Кстати, Коржаков, в силу своего удручающего непрофессионализма в восприятии СМИ как некой среды воздействия на сознание, был искренне убежден: раз Попцов не хвалит президента, не превозносит его мудрость, непредсказуемость, не говорит ежечасно о его исторической роли, значит, он его очерняет. И было бессмысленно этим людям объяснять, что правду неправдой делает не перечисление фактов, а их истолкование. Было бессмысленно объяснять, что существует психологический рисунок информационных программ. Что никакой желаемой объективности не существует вообще. И что объективность — это сумма субъективностей. И мастерство идеолога заключается в том, чтобы четко просчитывать количество слагаемых этой суммы и уметь дирижировать этими слагаемыми. Только так можно сохранить доверие к демократии и веру в независимость государственного телевидения. И что нельзя делать вид, что другой половины общества, оппозиционной президенту и молодым реформаторам, не существует. И своим неприятием этой половины мы переводим ее мироощущение в разряд ненависти. И мне казалось, что всякий раз, когда я покидал высокие кабинеты и еще не выветривался воздух после таких полемик, мне в спину смотрели недобрые глаза их владельцев и в их столах лежали пока не завизированные президентские указы о моем отстранении.

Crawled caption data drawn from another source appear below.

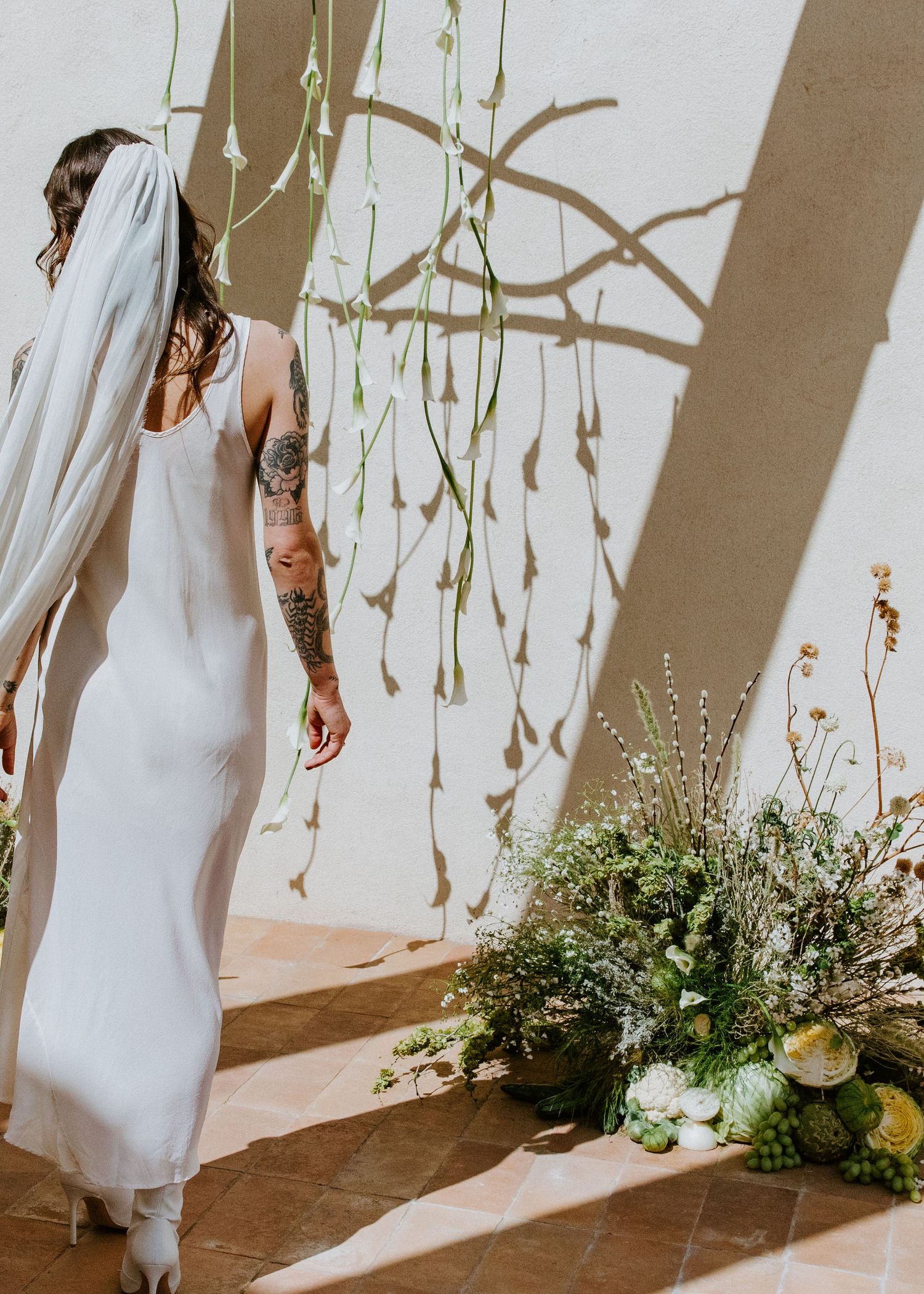 White floral arrangements and greenery decorate a light-filled venue with natural shadows on the wall.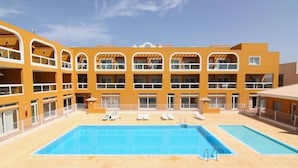 A hotel with a large outdoor swimming pool, multiple balconies, and sun loungers.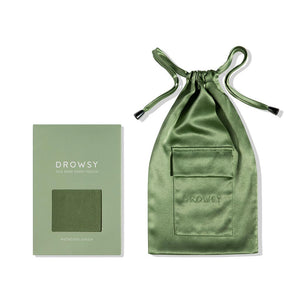 A Pistachio Green Silk Carry Pouch by us.drowsysleepco is shown with a matching drawstring pouch featuring the Drowsy logo. The box label reads Drowsy Silk Mask + Caddy Pouch, Pistachio Green.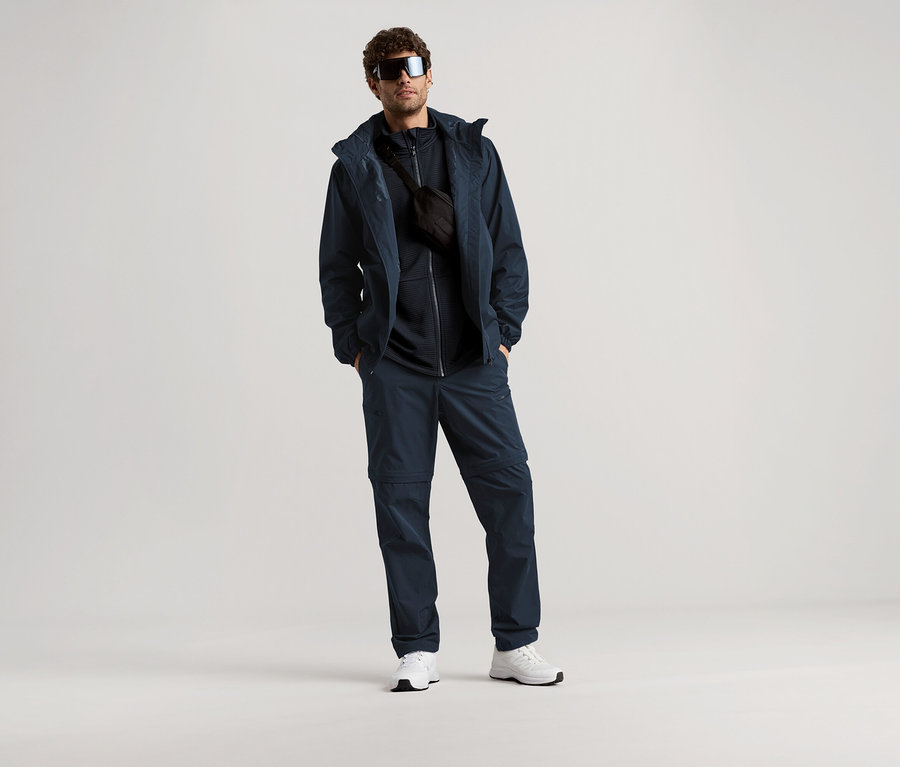 Férfi áll napszemüvegben, sötétkék kabátban, nadrágban és övtáskával világos háttér előtt.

В ответ на очередной сочувственный монолог Илюшина я как-то ответил:

— У каждой двери не встанешь. Если президент хочет, чтобы нас поссорили и ему нужен повод, он не станет задумываться. Он сделает то, что хочет, предварив это привычными словами: «Мне со всех сторон говорят…»

И вот меня, отстраненного, обожженного президентским гневом, приглашает Илюшин, в то время уже сосредоточенный на подготовке президентских выборов. Первая фраза, которую произнес Виктор Илюшин при нашей встрече, была достаточно нестандартной:

— Я знаю, что вы вправе быть обиженным. И если эта встреча вам неприятна, вы можете встать и уйти. Я вас пойму.

Я усмехнулся и сказал, что никогда не был чиновником. А потому такие встречи вызывают у меня не служебный, а, скорее, творческий интерес. И Ельцин для меня не только президент, но и персонаж. И будем считать, что моя отставка — это часть творческого замысла. Моего замысла.

— Очень хорошо, — сказал Илюшин, и мы оба улыбнулись почти синхронно.

Наш разговор был посвящен выборам. Илюшину многое не нравилось, что и как происходит в предвыборном штабе. И его интересовала моя точка зрения. Вдаваться в детали разговора не имеет смысла, потому как я не помню — к этому времени предвыборный штаб возглавлял Сосковец или уже заступил Чубайс? Но как в первом, так и во втором случае Илюшин оставался контрперсоной. С первым он был в скрытых неладах, а второму был чужд как аппаратная тень президента. В том разговоре на вопрос, каковы шансы Ельцина, я сказал:

— Их еще надо сделать шансами. Ельцину нужен дублер.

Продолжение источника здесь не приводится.